Chodzi o dwie sprawy: opłaty za przedszkola i obniżenie cen biletów MZK w gminie.
Przedszkola za 0 zł
- Przed tygodniem mówiłem o oszczędnościach wynikających z obniżki podatków - mówił prezydent. – A to nie jedyne korzyści wynikające z połączenia miasta z gminą. Od 1 stycznia 2014 r. rodzice nic nie będą płacić za pobyt w przedszkolu powyżej 5 godzin.

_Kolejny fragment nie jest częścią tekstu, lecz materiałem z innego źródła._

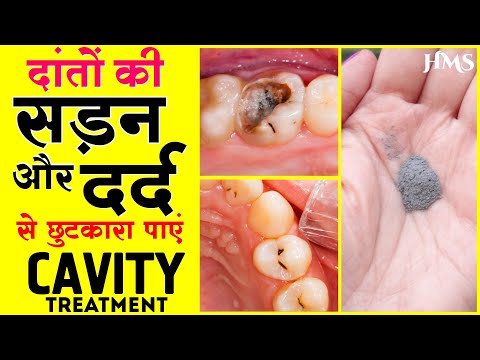 दांतों की सड़न और दर्द से छुटकारा पाएं | Tooth Cavity & Pain Natural remedies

Do tej pory rodzice nic nie płacili za opiekę nad dzieckiem przez pięć godzin pobytu w przedszkolu. Pozostały godziny były płatne. Do 31 sierpnia w miejskim przedszkolu rodzice musieli zapłacić 2 zł za godzinę. Teraz, zgodnie z wytycznymi rządu, płacą po złotówce za godzinę. Jednak prezydent chce to zmienić od 1 stycznia 2014 r. – Dzieci będą miały darmową opiekę przez 10 godzin pobytu w przedszkolu. Dopiero gdy ktoś przekroczy ten czas za płaci złotówkę za każdą godzinę ponad tym limitem.
Krótko mówiąc, zapłacimy tylko w takim przypadku, gdy dziecko będzie w przedszkolu ponad 10 godzin. To korzystne rozwiązanie. Przyjmując, że w miesiącu jest średnio 20 dni wymagających opieki przedszkolnej nad dzieckiem rodzina zaoszczędzi nawet 100 zł miesięcznie. Oczywiście po połączeniu takie zasady obejmować będą również rodziców z dzisiejszej gminy.
MZK równa do miasta
Po połączeniu również nie będzie dzielenia pasażerów komunikacji miejskiej. – Wszędzie będzie obowiązywać jedna stawka – tłumaczy prezydent Kubicki. – Teraz papierowy bilet jednorazowy kosztuje w mieście 3 zł a w gminie 4,4 zł. Poi połączeniu będzie obowiązywać jedna stawka – 3 zł. Dla rodzin ważniejsze będzie jednak zrównanie cen biletów miesięcznych. Na przykład teraz podmiejski bilet 30 dniowy z możliwością przesiadki w mieście (z limitem 45 przejazdów) kosztuje 160 zł, a taki sam bilet bez limitów w mieście jest tańszy o 70 zł.
Jeżeli założymy, że w przykładowej rodzinie 2 + 2 wszyscy korzystają z takich biletów, to na zmianie granic zaoszczędzą 210 zł miesięcznie. – Rocznie może to wynieść nawet 2520 zł. To spora suma – wylicza prezydent Kubicki.
Projekty obydwu uchwał powinny trafić na październikową sesję.